(WHAT THE EXERCISE ASKS) Leave the pictures out and reproduce, exactly, the lines from the one with "Control of Spatially" through the end of the entries below.

Short text fragments from websites
********************

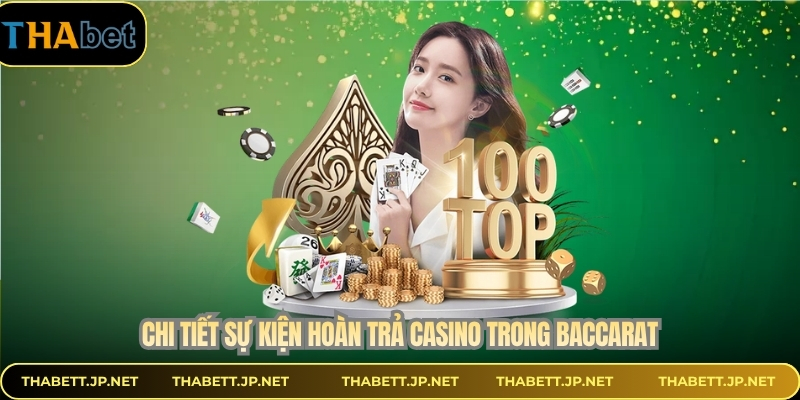 Chi tiết sự kiện hoàn trả casino trong baccarat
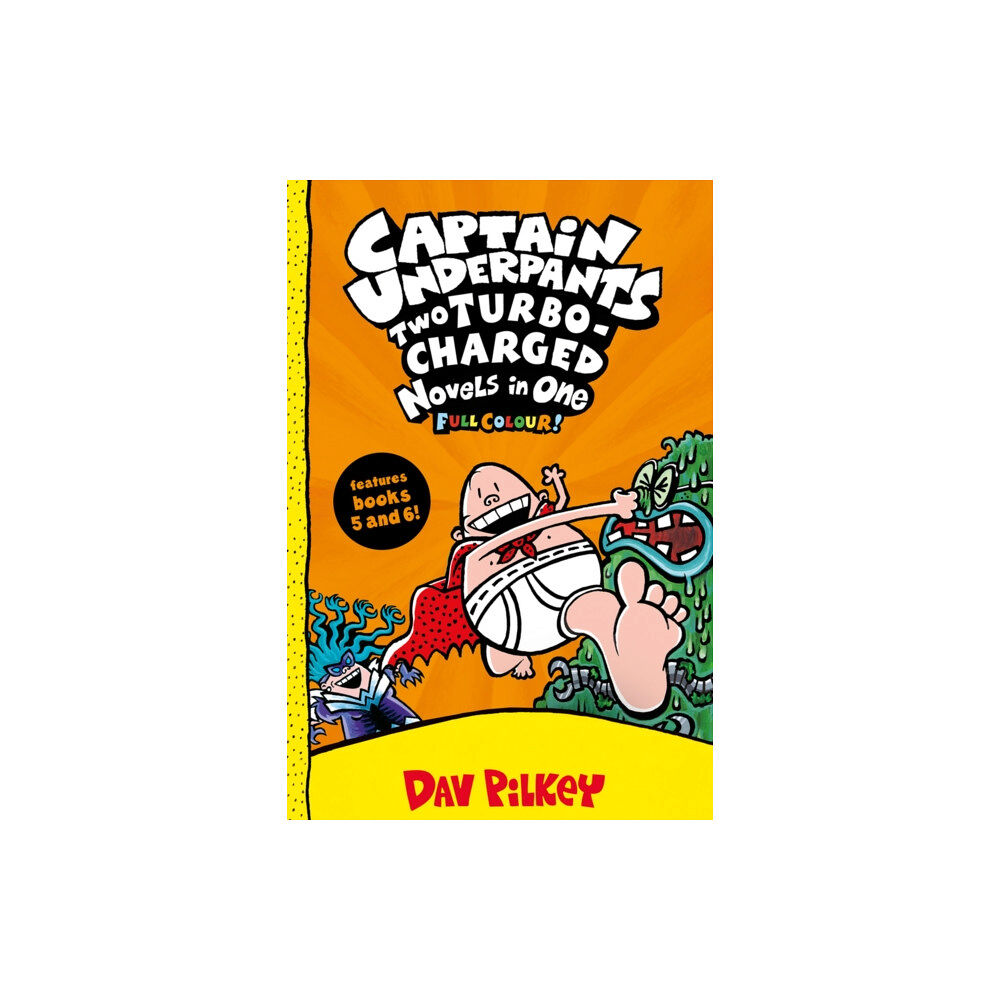 Scholastic Captain Underpants: Two Turbo-Charged Novels in One (Full Colour!) (inbunden, eng)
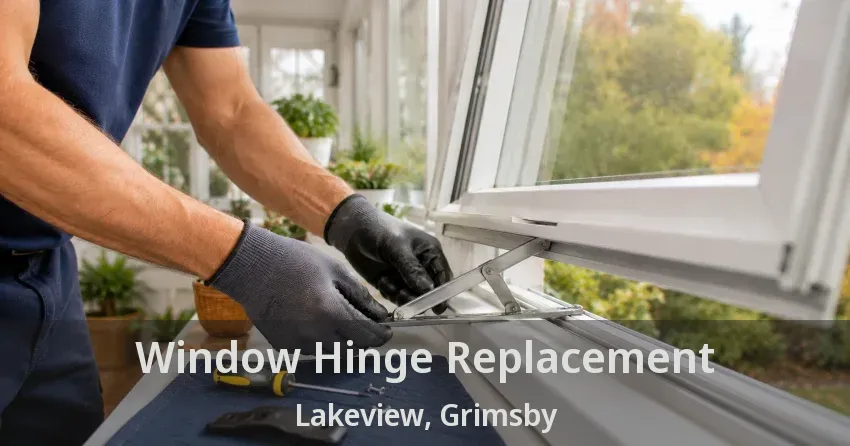 Window Hinge Replacement Lakeview, Grimsby - ON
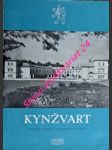 Kynžvart státní zámek a památky v okolí - wirth zdeněk / vondra jiří / pešina jaroslav / rokyta hugo / blažková jarmila / nauman pavel / lifka bohumír / šamánková eva - náhled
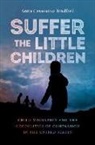 Anita Casavantes Bradford, Anita Casavantes Bradford - Suffer the Little Children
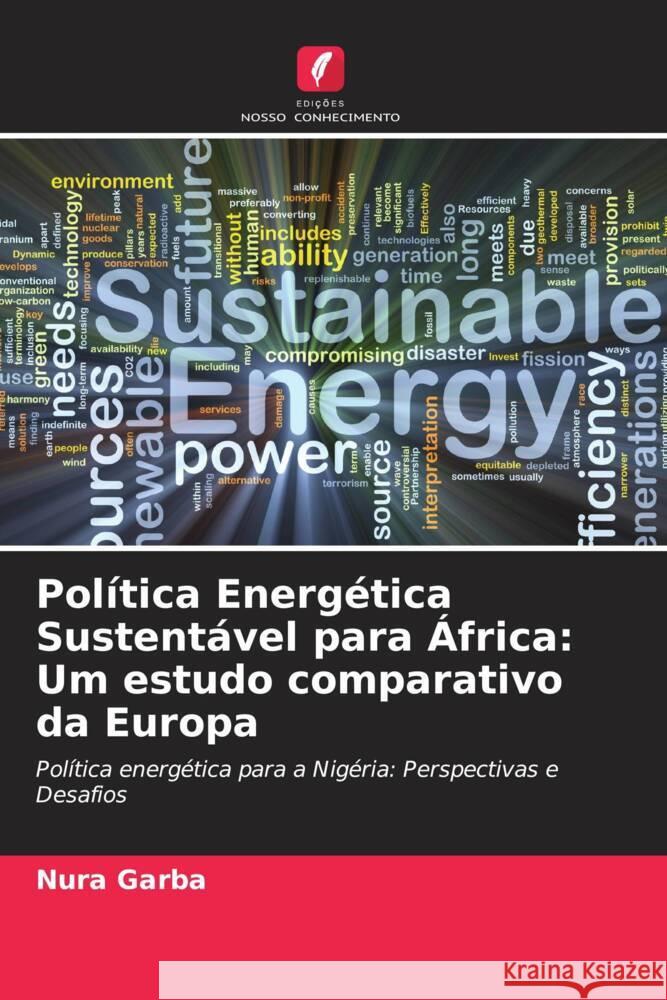 Política Energética Sustentável para África: Um estudo comparativo da Europa Garba, Nura 9786204898100 Edições Nosso Conhecimento
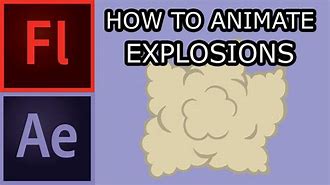 Image result for How to Animate Explosions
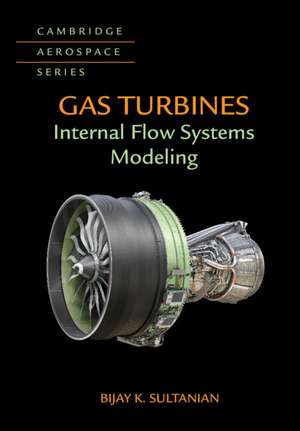 Gas Turbines: Internal Flow Systems Modeling de Bijay Sultanian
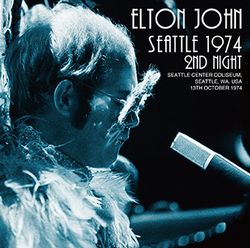 ELTON JOHN / SEATTLE 1974 2ND NIGHT (2CDR)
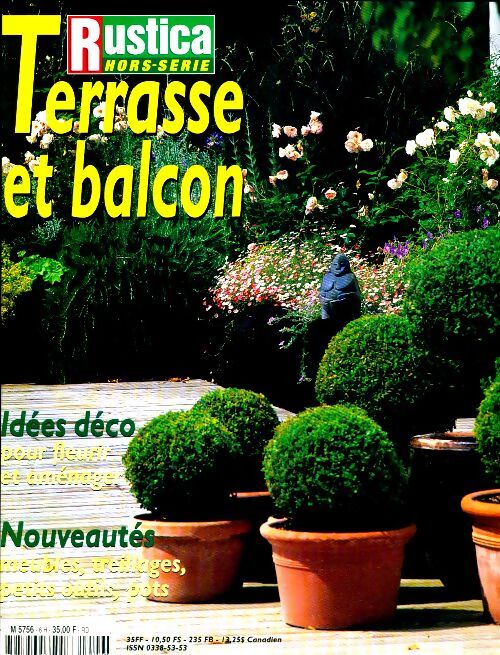 Rustica Hors-série n°6 : Terrasse et balcon - Collectif - Livre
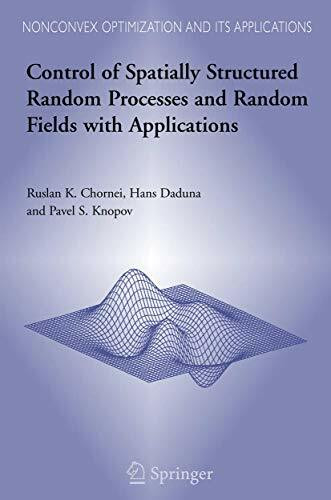 Control of Spatially Structured Random Processes and Random Fields with Applications (Nonconvex Optimization and Its Applications, 86, Band 86)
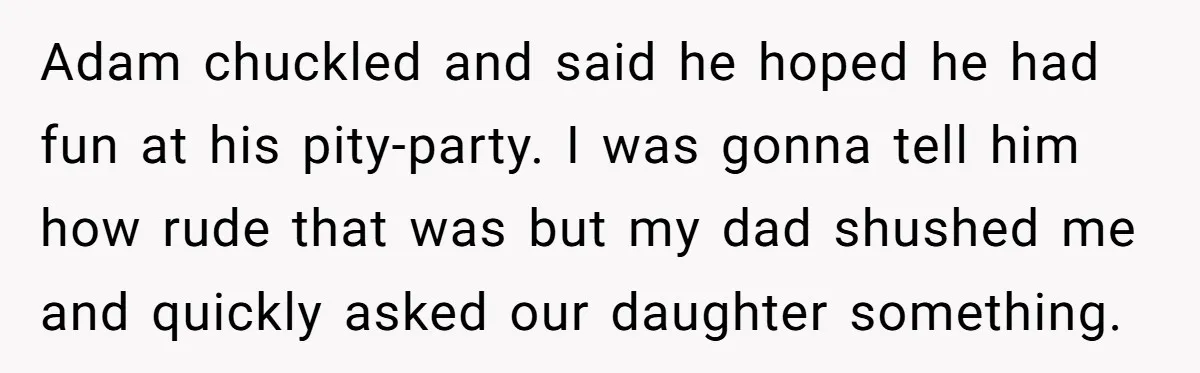 Adam chuckled and said he hoped he had fun at his pity-party. I was gonna tell him how rude that was but my dad shushed me and quickly asked our...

********************

(RESPONSE AREA)
 Control of Spatially Structured Random Processes and Random Fields with Applications (Nonconvex Optimization and Its Applications, 86, Band 86)
 Adam chuckled and said he hoped he had fun at his pity-party. I was gonna tell him how rude that was but my dad shushed me and quickly asked our...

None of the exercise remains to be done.